- Exercise material:

━━━━━━━━━━━━━━━━━━━━━━━━━━━━━━

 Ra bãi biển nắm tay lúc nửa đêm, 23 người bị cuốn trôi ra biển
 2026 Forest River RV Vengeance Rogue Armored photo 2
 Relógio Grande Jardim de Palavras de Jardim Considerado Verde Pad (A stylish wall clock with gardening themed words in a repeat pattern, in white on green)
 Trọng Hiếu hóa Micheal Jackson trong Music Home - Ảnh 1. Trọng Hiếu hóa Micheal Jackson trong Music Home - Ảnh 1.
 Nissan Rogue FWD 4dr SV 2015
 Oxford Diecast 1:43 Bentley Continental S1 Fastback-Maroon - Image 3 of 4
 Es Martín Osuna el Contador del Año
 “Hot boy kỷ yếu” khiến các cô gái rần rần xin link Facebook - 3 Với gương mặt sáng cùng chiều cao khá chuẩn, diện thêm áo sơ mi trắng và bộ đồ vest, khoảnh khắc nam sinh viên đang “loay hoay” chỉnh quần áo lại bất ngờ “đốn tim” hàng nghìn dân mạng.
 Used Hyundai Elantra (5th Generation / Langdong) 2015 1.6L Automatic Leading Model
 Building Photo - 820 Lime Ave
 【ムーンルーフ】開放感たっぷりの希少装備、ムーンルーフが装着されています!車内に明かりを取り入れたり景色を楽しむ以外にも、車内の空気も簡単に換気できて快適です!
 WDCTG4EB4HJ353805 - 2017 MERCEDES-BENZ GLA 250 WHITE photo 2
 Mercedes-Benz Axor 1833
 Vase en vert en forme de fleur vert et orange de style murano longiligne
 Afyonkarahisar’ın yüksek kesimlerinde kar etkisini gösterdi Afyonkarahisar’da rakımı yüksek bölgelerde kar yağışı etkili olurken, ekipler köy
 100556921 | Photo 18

━━━━━━━━━━━━━━━━━━━━━━━━━━━━━━

- Problem: Start with the line that contains "Building Photo - 820 Lime Ave", end with the last line of the entries, and please retype every line in that span exactly, with no others.

- Answer section:
 Building Photo - 820 Lime Ave
 【ムーンルーフ】開放感たっぷりの希少装備、ムーンルーフが装着されています!車内に明かりを取り入れたり景色を楽しむ以外にも、車内の空気も簡単に換気できて快適です!
 WDCTG4EB4HJ353805 - 2017 MERCEDES-BENZ GLA 250 WHITE photo 2
 Mercedes-Benz Axor 1833
 Vase en vert en forme de fleur vert et orange de style murano longiligne
 Afyonkarahisar’ın yüksek kesimlerinde kar etkisini gösterdi Afyonkarahisar’da rakımı yüksek bölgelerde kar yağışı etkili olurken, ekipler köy
 100556921 | Photo 18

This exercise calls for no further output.